The larger number of Non-Target samples was chosen here because the image contains much more Non-Target
than Target regions, thus misclassifications of Non-Targets are more problematic. The idea is to have this bias
reflected during the training, while still providing a good mixture of Targets and Non-Targets.
The hidden layer kernel thus corresponds to 3x13x13x40 weights. The first factor corresponds to the number of
feature maps in the previous hidden layer (or here, the image layers) and the second and third factors describe
Page 7
the number of units in the local neighborhood, from which connections are formed into the hidden layer. The
final factor corresponds to the number of feature maps generated. After all, we do not train only one kernel of
size 3x13x13, but 40 different ones. The only hidden layer of this network thus contains 20,280 different weights,
which can be trained.
Note that the spatial extent of the feature maps shrinks from layer to layer (see Figure 1.6). While the original
sample input has 22x22 units, after convolution with a 13x13 kernel only 10x10 valid units remain (units further
to the side are receiving non-existing input, and are dropped from the network). After max pooling, the network
layer further shrinks by a factor of two in both dimensions, we thus have only 5x5(x40) units left. The final layer
in this network has two units left: one for class Target, one for class Non-Target, and both connect to all 1000
units of the previous layer (reflecting another 2000 weights to be trained).
Figure 1.6: A simplified schematic representation of the model. The image layer of the sample patch has 22
units (in reality, there are 22x22x3 units). After convolution with a kernel of size 13 we obtain a valid feature
map with 10 units, which after max pooling, is reduced to 5 units. (In reality, the feature map has 40 distinct
layers, not just one, and is, of course, also two dimensional). The final layer has two units, which represent the
two trained classes. Each is connected to all units in the max pooling stage of the hidden layer.

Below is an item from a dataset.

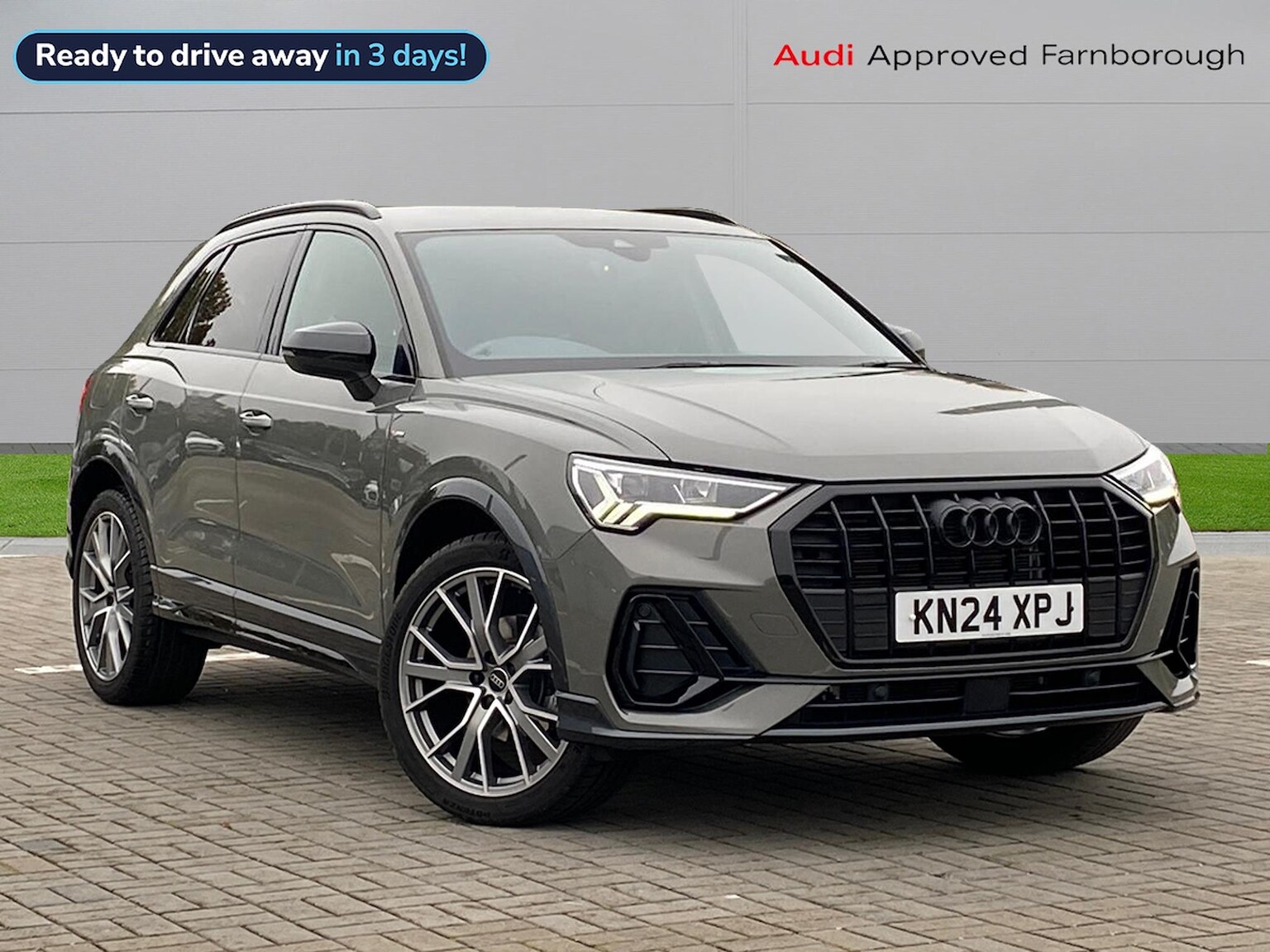 Main listing image - Audi Q3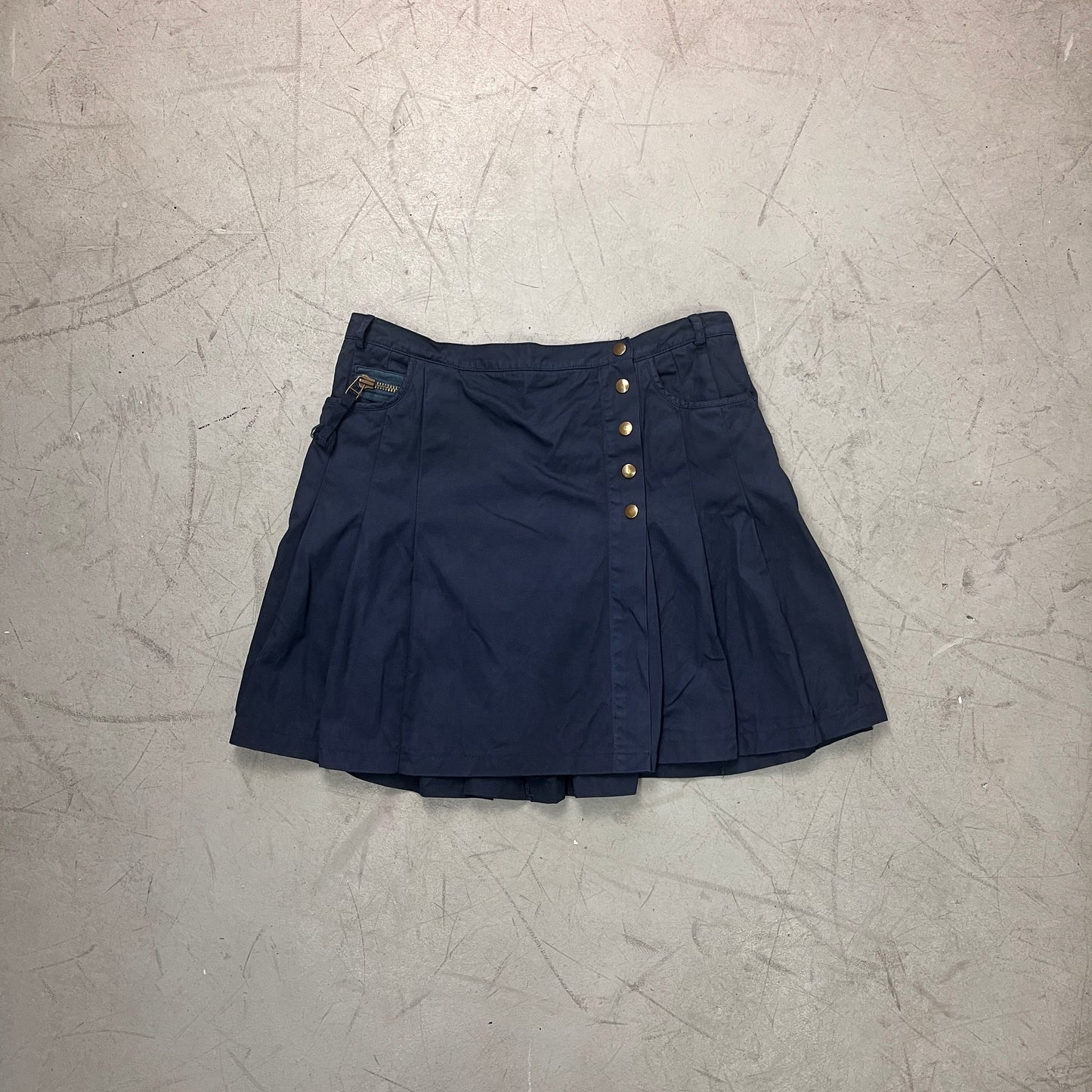 BURBERRY PLEATED SKIRT [42]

We strongly advise you to work only with odd sized kernels (e.g. 13x13, and not 12x12) as even sized kernels will
generate hidden layer units located “between pixels”, and then are shifted slightly to match pixel borders. In fact,
it is a good idea to track the number of units from layer to layer, to ensure that max pooling makes sense (you
need an even number of units to do max pooling) and to ensure that the fully connected final layer, whose kernel
size is automatically adjusted by the software, also has an odd sized number of units.
To give an example: if you had started out here with a sample size of 21x21 and performed a convolution with a
13x13 kernel, you would end up with 9x9 units, and cannot perform a valid max-pooling. If you started out with
20x20 pixels, you end up with 8x8 units and can perform a valid max-pooling, resulting in 4x4 pixels. However, if
this is your final hidden layer, your last convolution kernel will be 4x4, which is even sized. You can use such a
model, but you need to be aware that when you apply your model, the hot spots in your heatmap layer will likely
be somewhat shifted with respect to the target locations.
While so-called deep learning networks can comprise 100 and more layers with 1000s of feature maps, we
recommend you start experimenting with just a few layers and feature maps, as we do here. When you add
more layers and features, more weights need to be optimized during training, typically requiring many additional
samples and longer training times. Moreover, a more complex model may not converge as easily during training.
Page 8
So while adding layers and features makes your model more powerful in principle, it won’t always improve the
performance of your trained model, because optimal weights are harder to find. We hope this tutorial will
encourage you to play with different settings, perhaps also on your own data, to gain your own experiences.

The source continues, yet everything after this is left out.